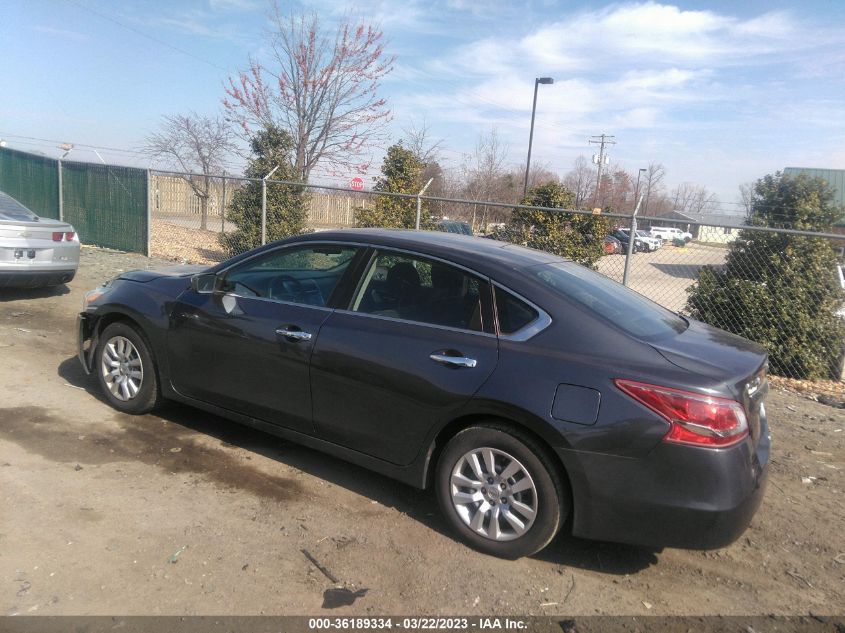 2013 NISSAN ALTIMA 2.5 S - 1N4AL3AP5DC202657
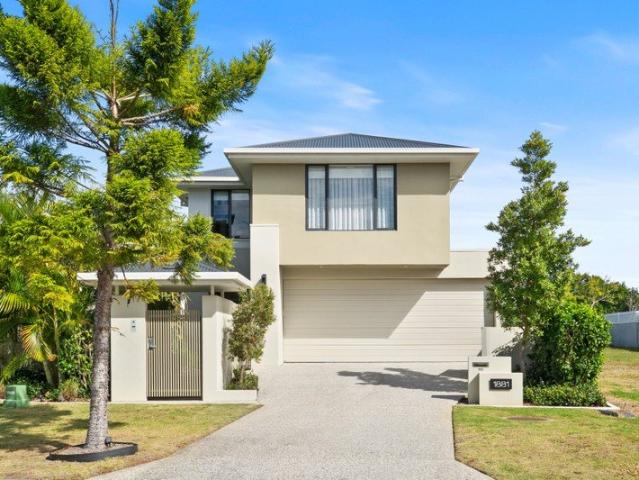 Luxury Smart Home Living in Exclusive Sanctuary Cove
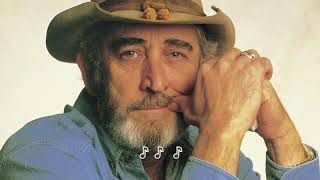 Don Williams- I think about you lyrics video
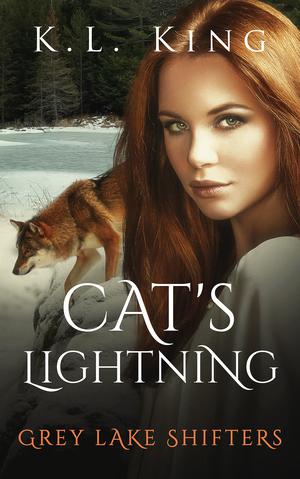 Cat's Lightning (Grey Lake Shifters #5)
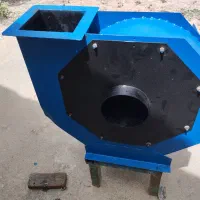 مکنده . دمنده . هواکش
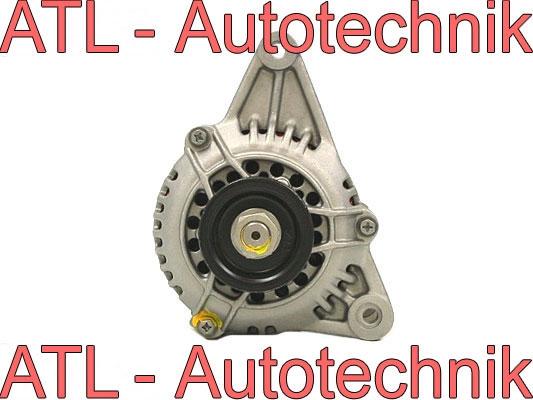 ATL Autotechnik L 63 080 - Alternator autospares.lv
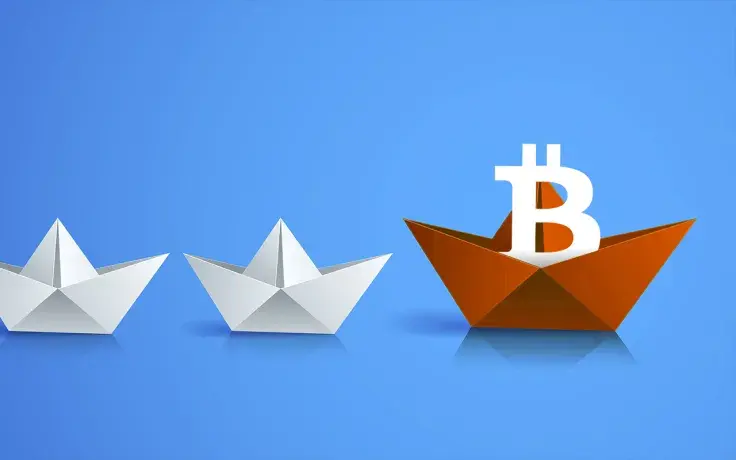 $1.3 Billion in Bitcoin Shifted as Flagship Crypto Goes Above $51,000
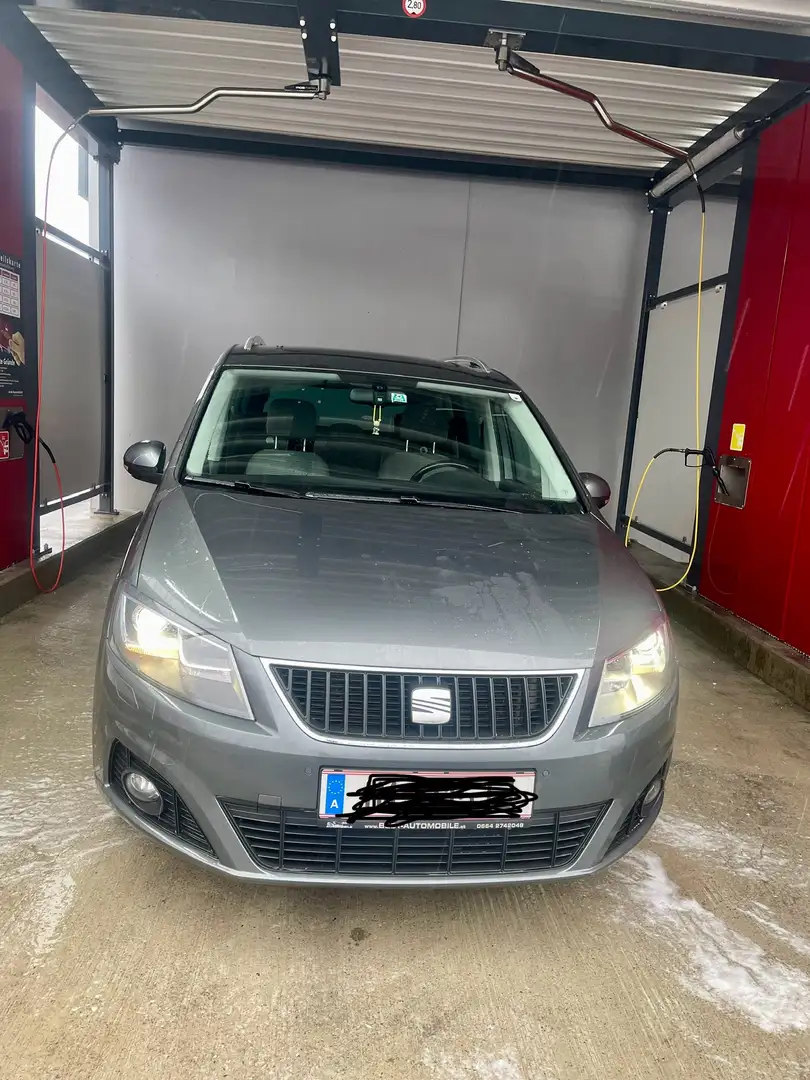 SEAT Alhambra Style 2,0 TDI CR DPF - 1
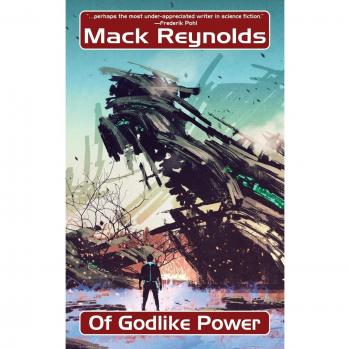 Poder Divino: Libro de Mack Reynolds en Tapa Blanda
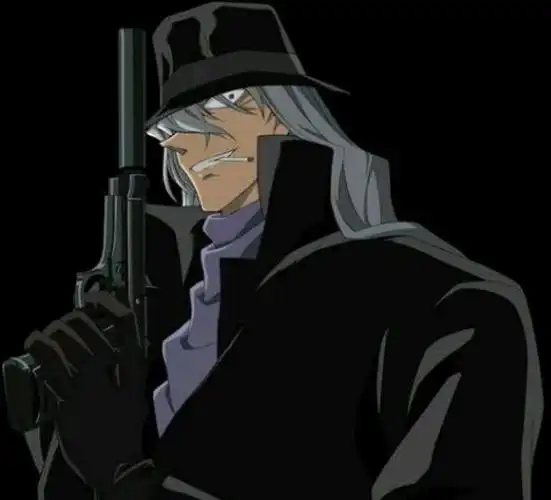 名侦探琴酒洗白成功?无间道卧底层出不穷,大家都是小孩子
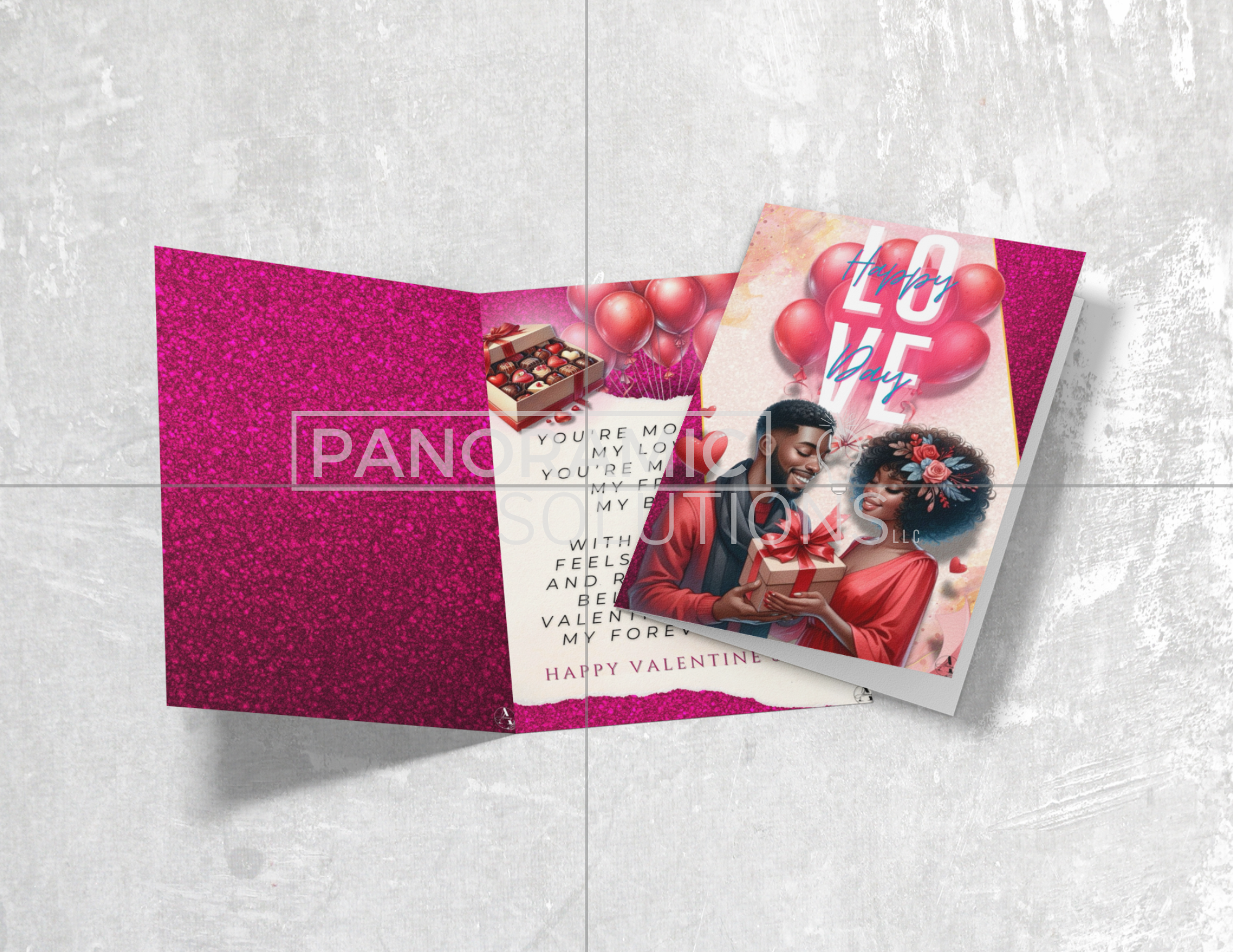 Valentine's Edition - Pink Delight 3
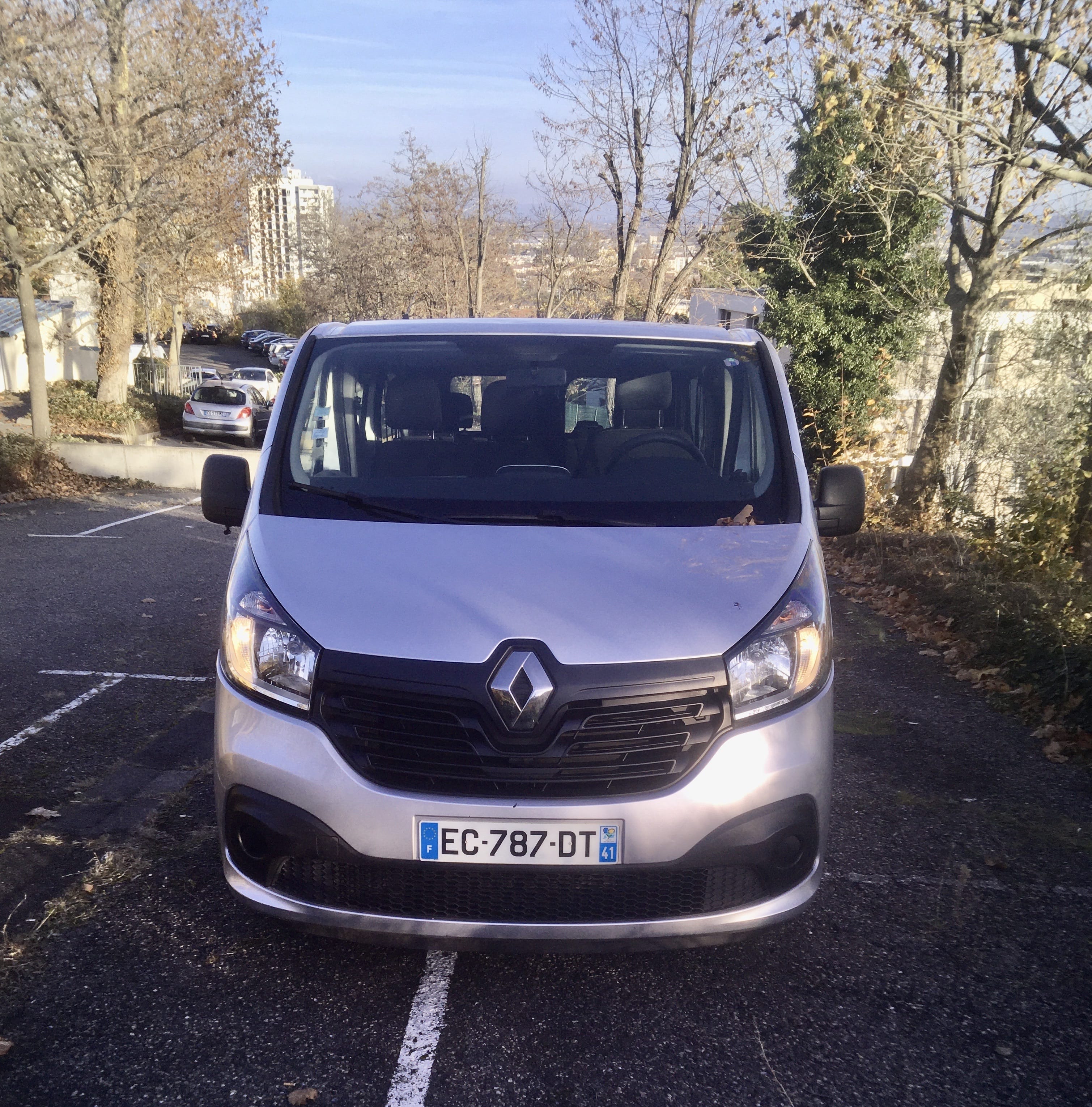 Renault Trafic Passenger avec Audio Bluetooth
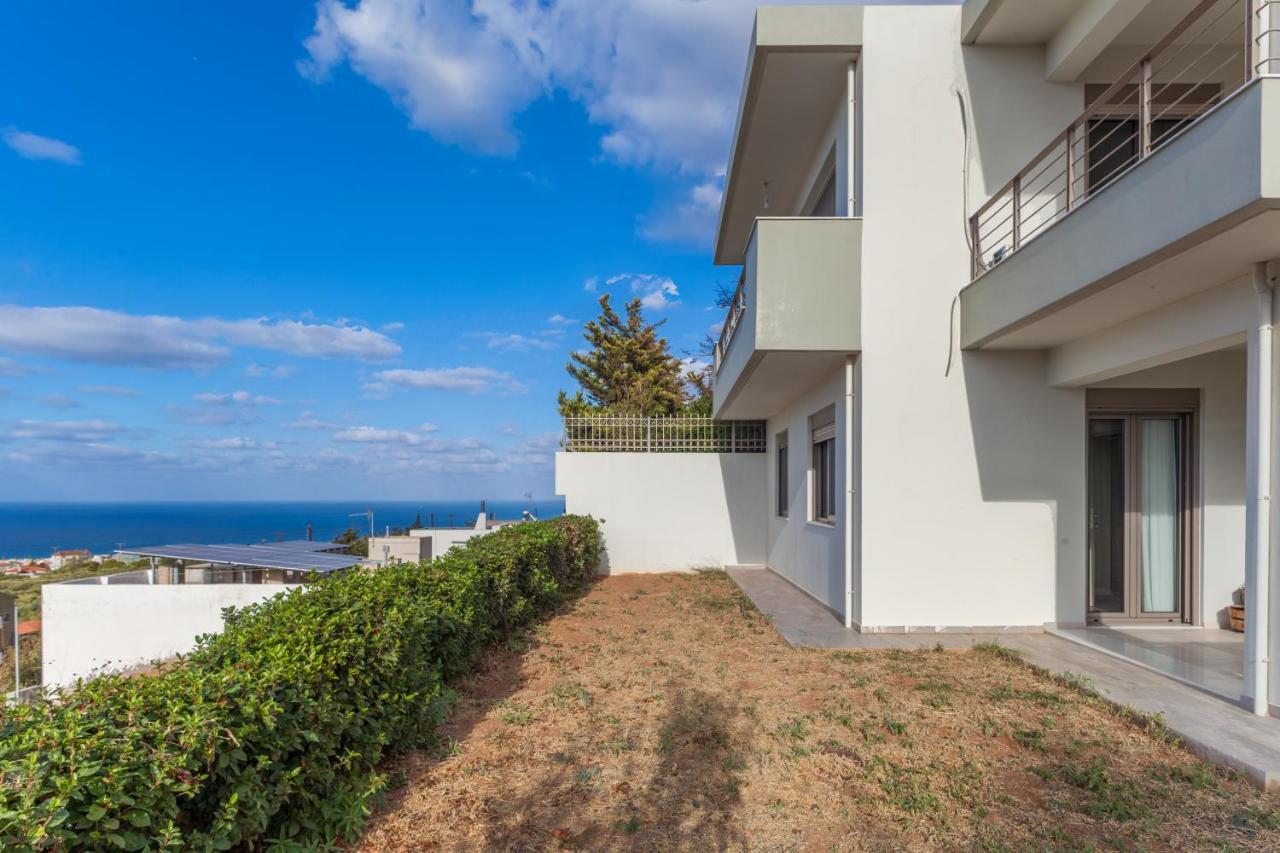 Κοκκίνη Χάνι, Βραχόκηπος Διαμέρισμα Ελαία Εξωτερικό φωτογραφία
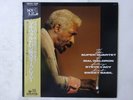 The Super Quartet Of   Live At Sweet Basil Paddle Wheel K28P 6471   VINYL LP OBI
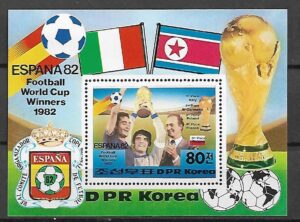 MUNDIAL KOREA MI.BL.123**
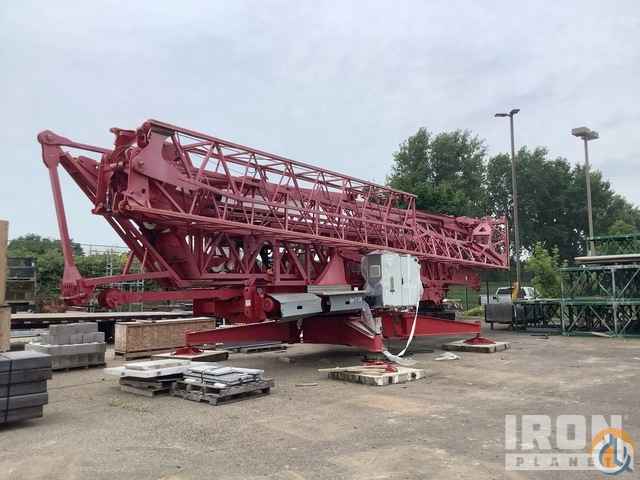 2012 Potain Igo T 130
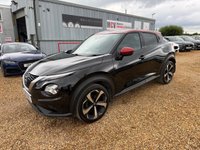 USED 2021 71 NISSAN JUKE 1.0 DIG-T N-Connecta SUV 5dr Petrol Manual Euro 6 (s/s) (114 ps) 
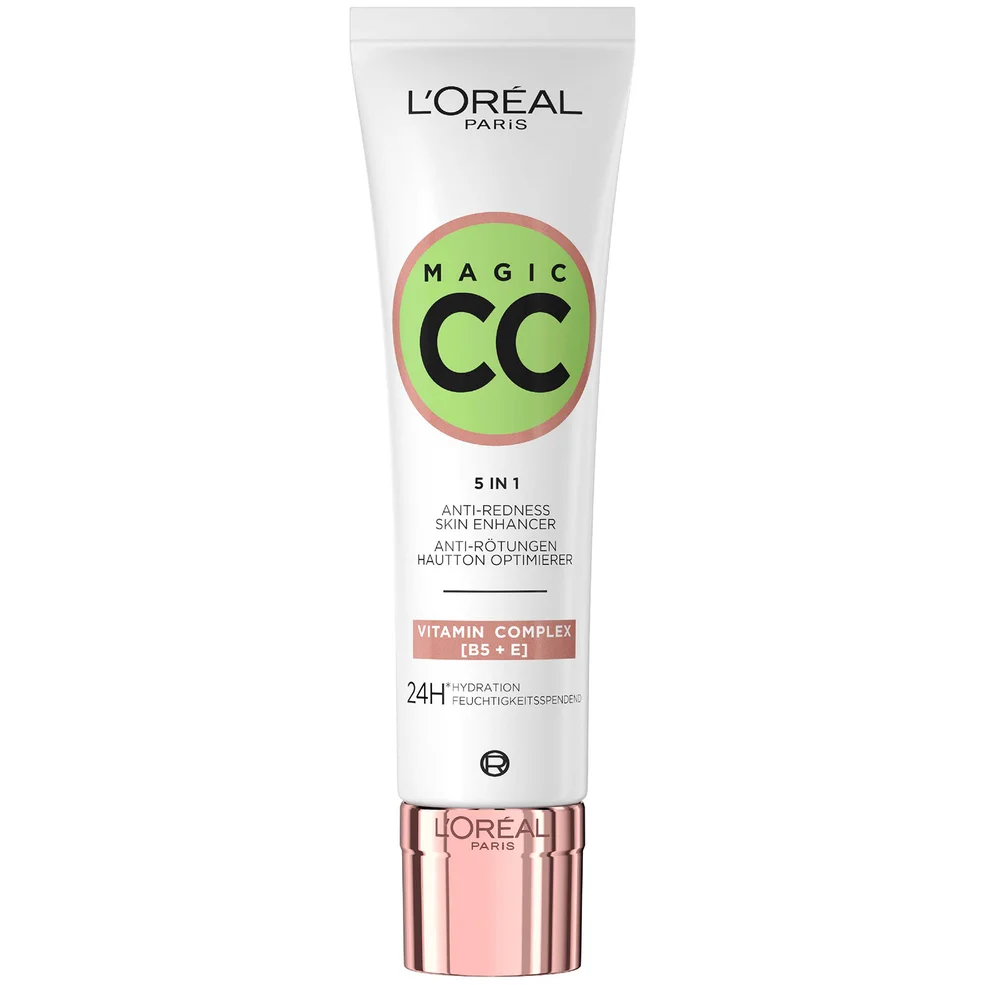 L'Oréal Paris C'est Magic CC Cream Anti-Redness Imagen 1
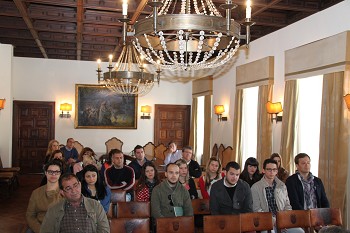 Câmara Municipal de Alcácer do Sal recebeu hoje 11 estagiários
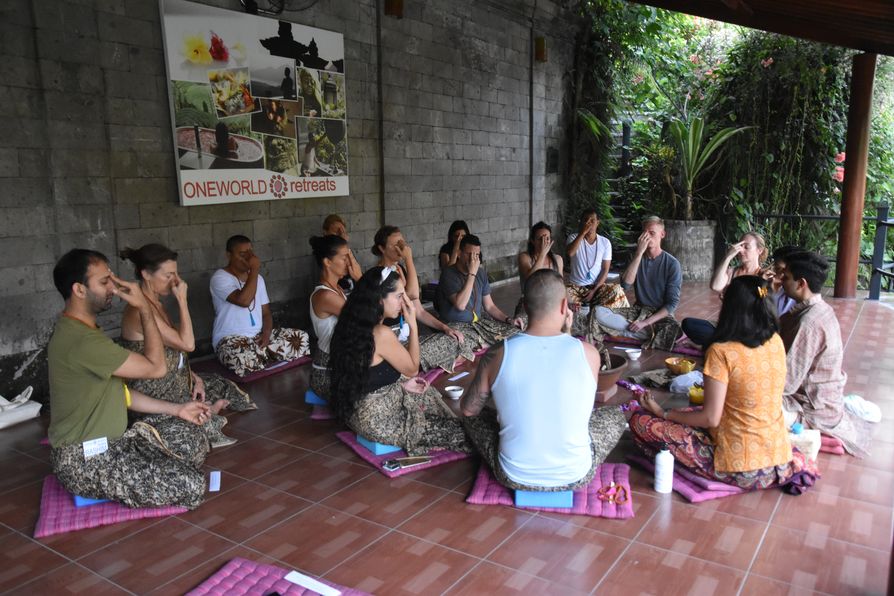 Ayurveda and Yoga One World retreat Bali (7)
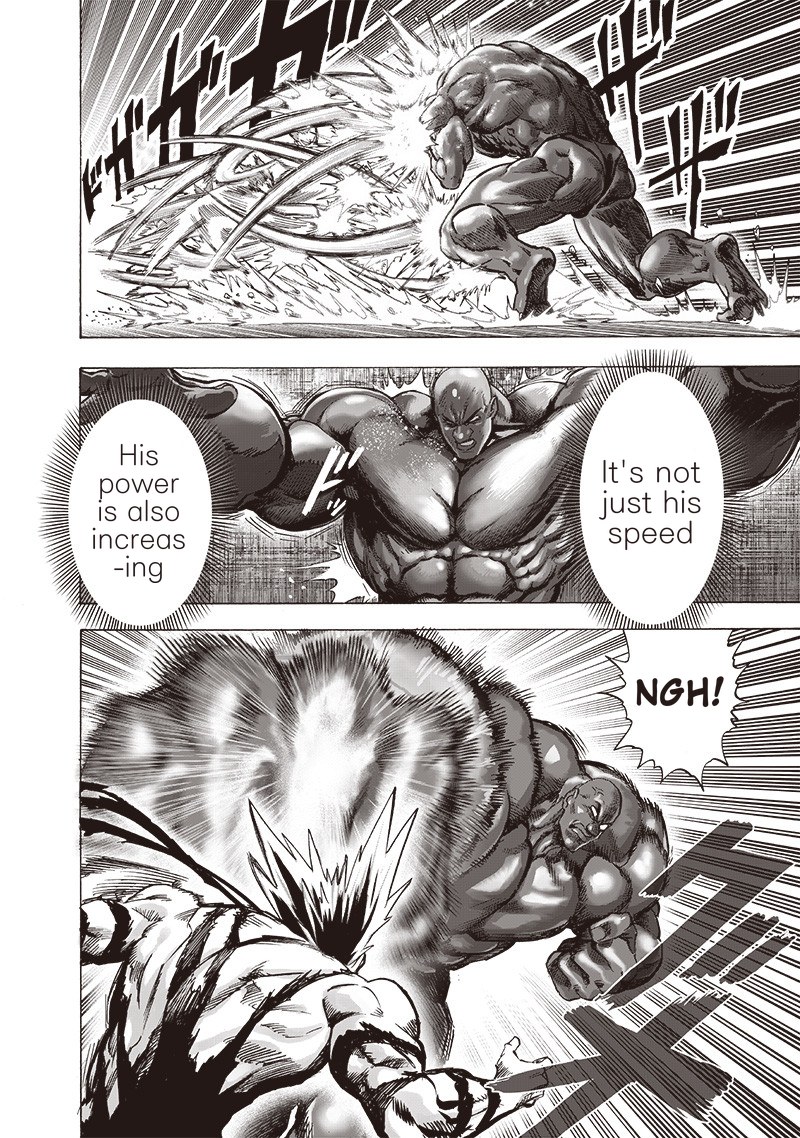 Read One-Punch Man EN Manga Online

#####

Instructions to follow: Print the entries as they stand, first line through the line holding "Ayurveda and Yoga One World retreat Bali (7)", with every picture removed.

Expected answer:
 2013 NISSAN ALTIMA 2.5 S - 1N4AL3AP5DC202657
 Luxury Smart Home Living in Exclusive Sanctuary Cove
 Don Williams- I think about you lyrics video
 Cat's Lightning (Grey Lake Shifters #5)
 مکنده . دمنده . هواکش
 ATL Autotechnik L 63 080 - Alternator autospares.lv
 $1.3 Billion in Bitcoin Shifted as Flagship Crypto Goes Above $51,000
 SEAT Alhambra Style 2,0 TDI CR DPF - 1
 Poder Divino: Libro de Mack Reynolds en Tapa Blanda
 名侦探琴酒洗白成功?无间道卧底层出不穷,大家都是小孩子
 Valentine's Edition - Pink Delight 3
 Renault Trafic Passenger avec Audio Bluetooth
 Κοκκίνη Χάνι, Βραχόκηπος Διαμέρισμα Ελαία Εξωτερικό φωτογραφία
 The Super Quartet Of   Live At Sweet Basil Paddle Wheel K28P 6471   VINYL LP OBI
 MUNDIAL KOREA MI.BL.123**
 2012 Potain Igo T 130
 USED 2021 71 NISSAN JUKE 1.0 DIG-T N-Connecta SUV 5dr Petrol Manual Euro 6 (s/s) (114 ps) 
 L'Oréal Paris C'est Magic CC Cream Anti-Redness Imagen 1
 Câmara Municipal de Alcácer do Sal recebeu hoje 11 estagiários
 Ayurveda and Yoga One World retreat Bali (7)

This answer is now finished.